_AIM OF THE EXERCISE_: Before printing, remove every picture; then print the lines below exactly, from the first line through the line containing "Радіосистема DV audio".

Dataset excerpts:

═══

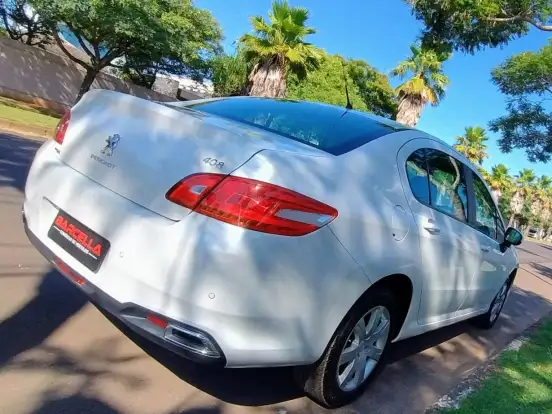 PEUGEOT-408-1.6 BUSINESS 16V TURBO FLEX 4P AUTOMÁTICO PEUGEOT-408-2018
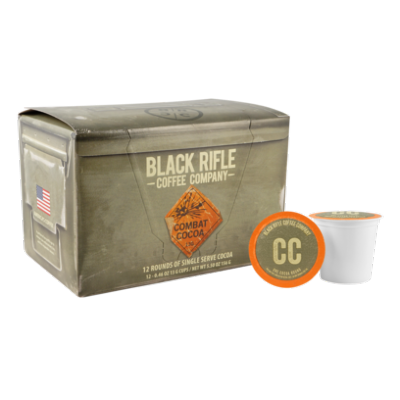 Black Rifle Coffee Company Combat Cocoa Rounds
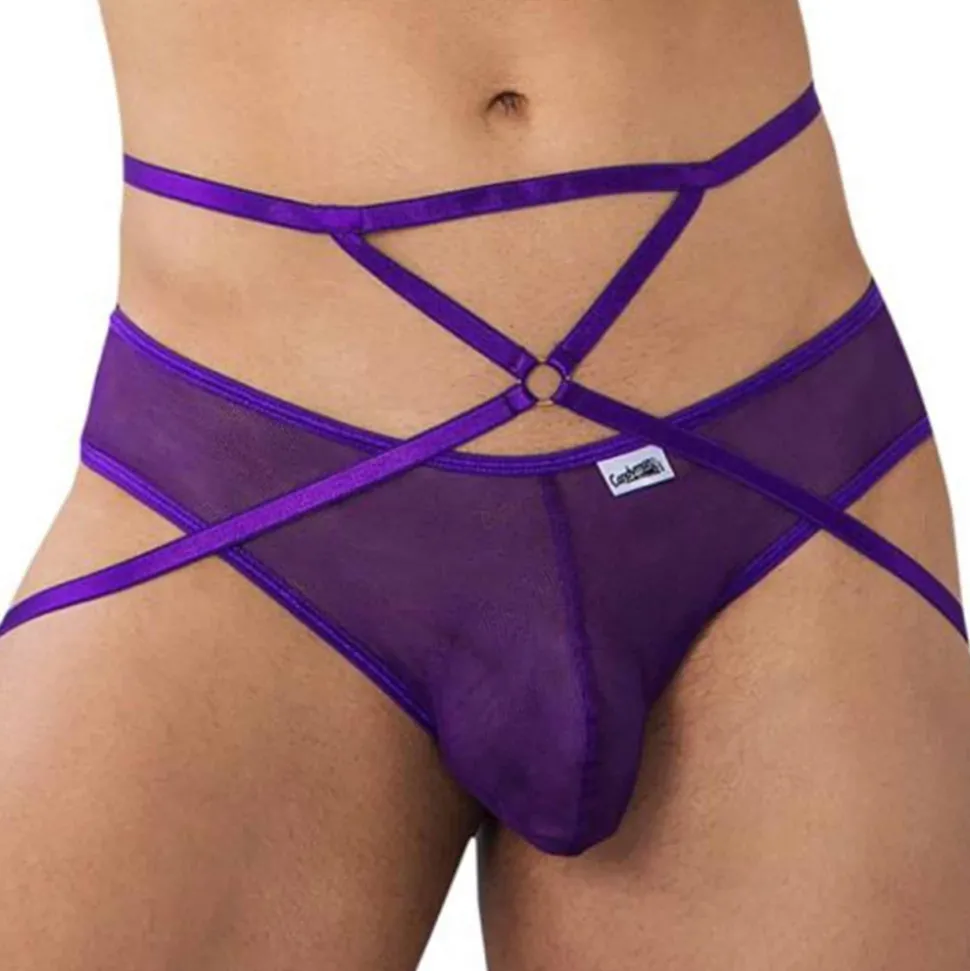 String Résille Violet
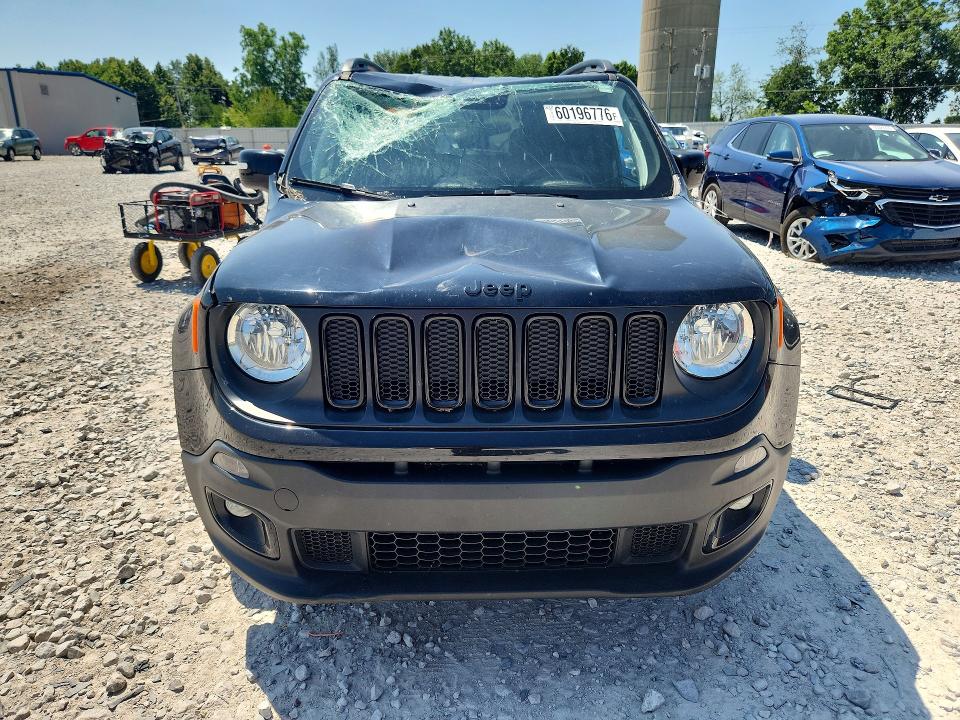60196776 :رقم المزاد ، ZACCJBBB2JPH91986 vin ، 2018 Jeep Renegade مزاد بيع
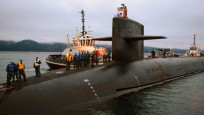 ABD'nin balistik füze denizaltısı Guam Adası'nda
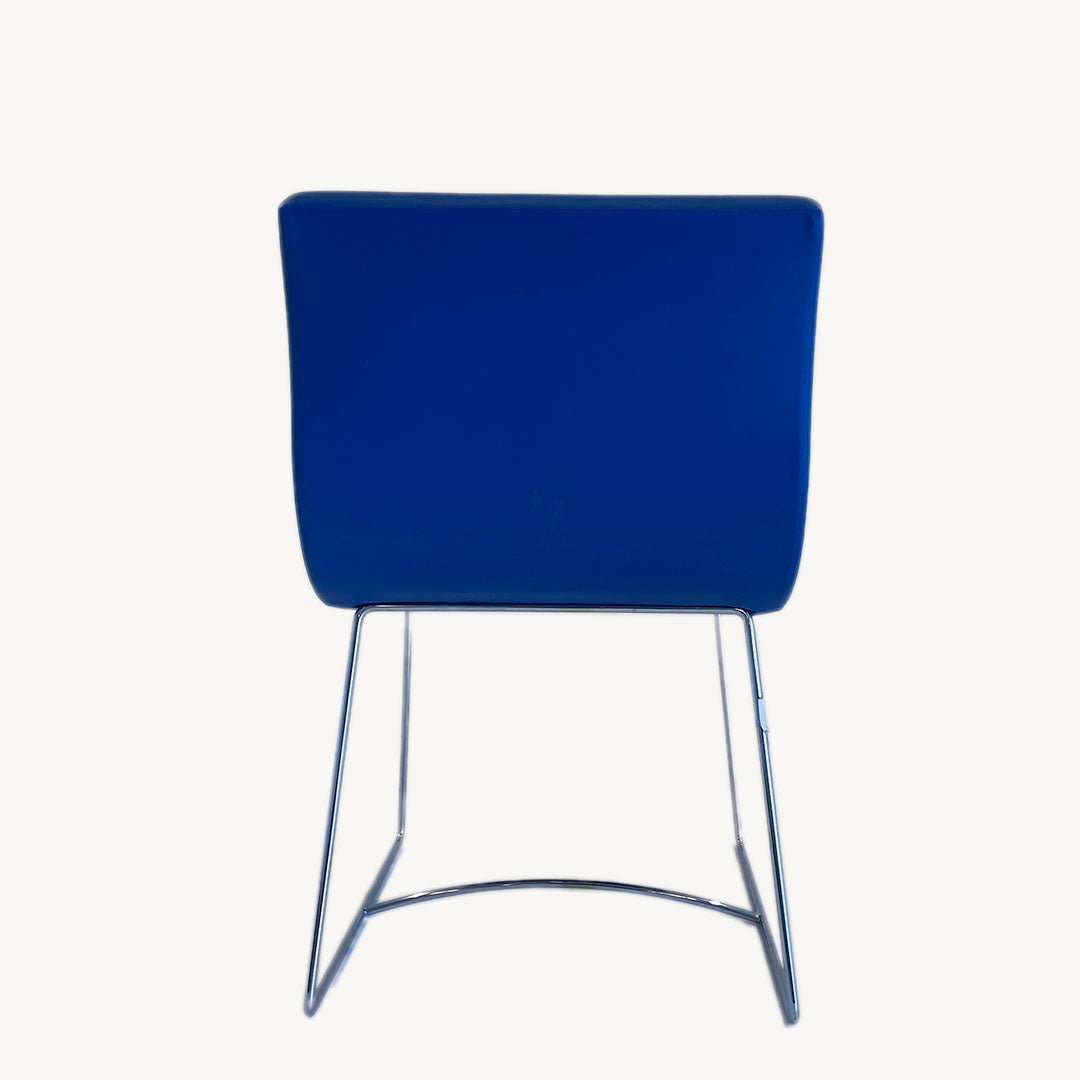 CH042JN / BLUE CHAIR PASCAL MOURGUE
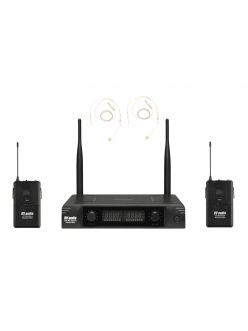 Радіосистема DV audio BGX-224 MKII з гарнітурами
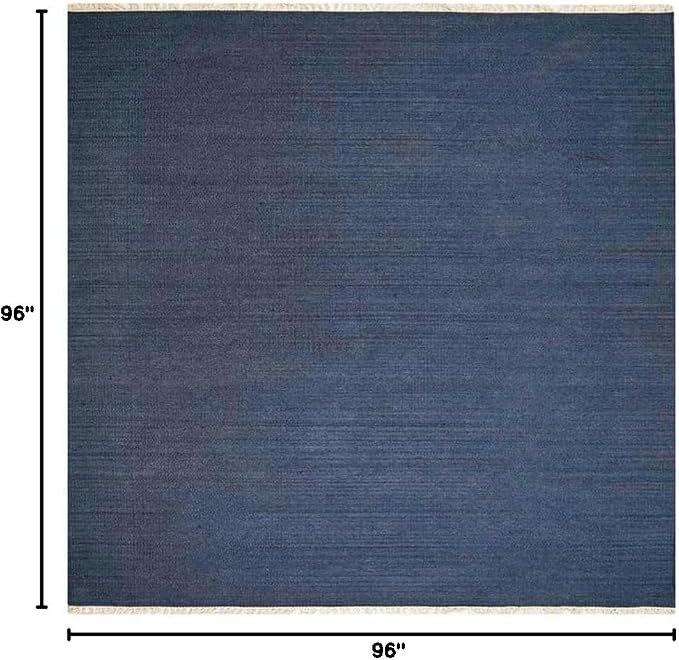 Rugsotic Carpets Hand Woven Flat Weave Kilim Wool ECO-Friendly Area Rugs - Image 2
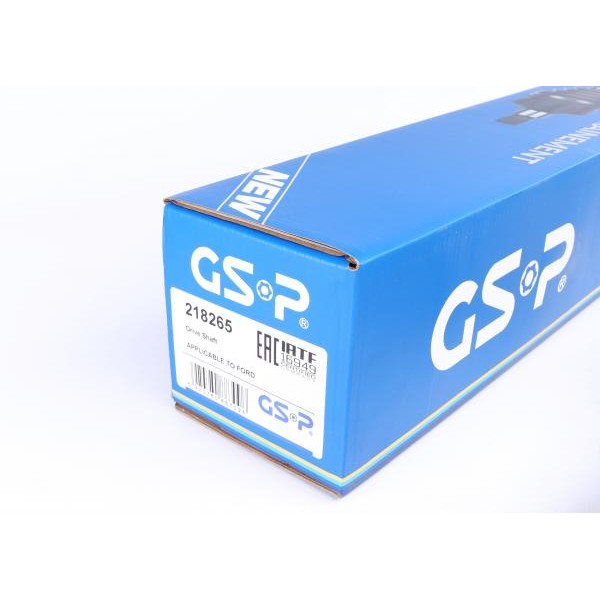 218265 GSP Напіввісь Ford Transit 2.0 TDCi 00-06 (R) (28x36x1053x48T) (+ABS)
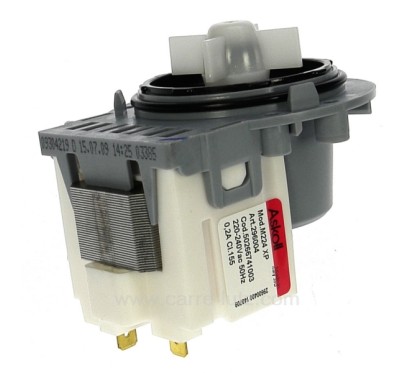 715029  Pompe de vidange Askoll 40W universelle 11,90 €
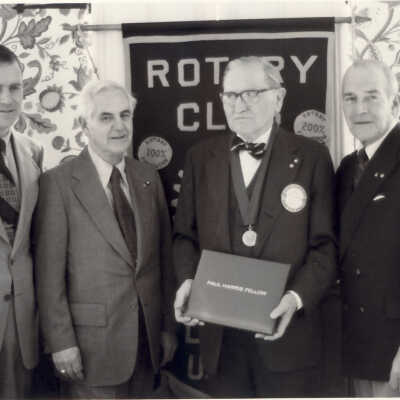 Phillip Spiedel and Rotary Club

═══

_TASK RESPONSE_:
 PEUGEOT-408-1.6 BUSINESS 16V TURBO FLEX 4P AUTOMÁTICO PEUGEOT-408-2018
 Black Rifle Coffee Company Combat Cocoa Rounds
 String Résille Violet
60196776 :رقم المزاد ، ZACCJBBB2JPH91986 vin ، 2018 Jeep Renegade مزاد بيع
 ABD'nin balistik füze denizaltısı Guam Adası'nda
 CH042JN / BLUE CHAIR PASCAL MOURGUE
 Радіосистема DV audio BGX-224 MKII з гарнітурами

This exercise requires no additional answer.